Well I came across something really neat the other day. It’s called ClicktoScan. With this web app you take a picture of the whiteboard using your mobile phone and email or MMS it to ClicktoScan. By the time you get back to your desk a PDF of the image will be waiting in your inbox, or you just login to your ClicktoScan account and download it from there – or better still – if you are not in your office (e.g. in your client or supplier’s office) then you can have the image sent to your nearest fax machine for printing – right from your mobile phone. Now there’s a useful use for a fax machine – and you can gaurantee there’ll be one in every office somewhere just waiting there, desperate to be used. Or you can have any combination of any of the three.
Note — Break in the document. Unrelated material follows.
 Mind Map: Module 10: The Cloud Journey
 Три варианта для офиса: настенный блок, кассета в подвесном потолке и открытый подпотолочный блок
And the really neat thing about ClicktoScan is that the software in their systems does a load of clever processing on the images sent to it, like removing any dark background noise from the image, sharpening the letters in words, unwarping the edges of the image and adjusting the contrast so that the resultant image you get is actually very readable. Exactly what you want.
And what’s more, taking pictures of whiteboards is not the only application. With your mobile cameraphone you could use it to get readable images of anything that you cannot easily take away with you, wherever you find yourself with the need to capture something with words or lines on it – e.g. restaurant menu cards, instruction leaflets for electrical appliances when you go shopping, location maps outside train stations, campus maps, snippets from articles in magazines that you read in WHSmith that you can’t be bothered to buy etc. etc. In the old days this would have been the stuff of spymasters and their tradecraft. Now it’s in the domain of anybody with a mobile phone and access to the web. Which is just about everybody these days. Just one thing though – the results are better if your camera is at least 1.3 megapixel and has reasonable focus.
And the ClicktoScan service is not constrained to images taken from your mobile phone either. You can email images from any source to ClicktoScan. So for example you could use any digital cam, get the images onto your PC and email them. Although the proposition has greater value to mobile phone users due to the fewer number of steps taken to get the end result. And best of all – it’s free (for now). Except if you do send from your mobile phone then you will incur your usual GPRS/3G data transfer charges to your network operator.